I think it's also likely that only modest, if any, WDM is required on those
links, because the goal in most cases will only be to go far enough to get
down to a ground station (excepting some low latency transatlantic use
cases I have read might be in the offing), and because the satellite RF
uplink/downlink capacities shouldn't seriously challenge the bandwidth
available on the optical links.

At least in the current case of general purpose internet access with
dynamic IP addresses, I suspect the IP of a user-terminal is related to the
ground station serving it, and there is just a parade of satellite
intermediaries, but the terminal and ground station remain fixed, so the
routing can be more of a connection oriented type.

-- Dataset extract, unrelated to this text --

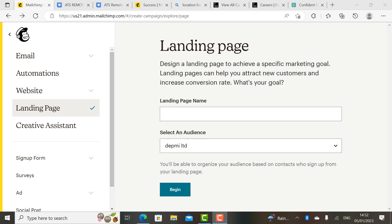A business model is what unites the value that you are rendering to a specific audience who will pay you in return. It is not a business model when you are giving out value and not getting anything in return. It becomes a business model when you are being paid for the knowledge, skill set, and value that you are dishing out. That is why we named this channel Value Monetization.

On Mon, Jan 23, 2023 at 1:10 PM Thomas Bellman <bellman at> wrote:

> On 2023-01-23 17:27, Tom Beecher wrote:
> > What I didn't think was adequately solved was what Starlink shows in
> > marketing snippets, that is birds in completely different orbital
> > inclinations (sometimes close to 90 degrees off) shooting messages to
> each
> > other. Last I had read the dopplar effects there were so much larger due
> to
> > relative speed deltas it just couldn't currently be done. If there is
> more
> > out there on that solution, be glad to read up on what info anyone may
> have
> > on that if they can share.
> Worst case would be if the satellites are moving directly towards or
> directly away from each other.  Each satellite will be moving at a
> speed of slighly under 8 km/s, and they will thus approach or depart
> from each other with a relative speed of somewhat less than 16 km/s.
> I get that for 1310 nm light, the doppler shift would be just under
> 0.07 nm, or 12.2 GHz:
>     l0 = 1310 nm
>     f0 = c / l0
>     f = f0 / sqrt((1 + 16 km/s / c) / (1 - 16 km/s / c))
>     l = c / f ≈ 1310.0699 nm
>     f0 - f ≈ 12.2 GHz
> In the ITU C band, I get the doppler shift to be about 10.5 GHz (at
> channel 72, 197200 GHz or 1520.25 nm).
> (Formula from
> first entry in the table under "Summary of major results".)
> These shifts are noticably less than typical grid widths used for
> DWDM (±50 GHz for the standard spacing), so it seems unlikely to me
> that the doppler shift would be a problem.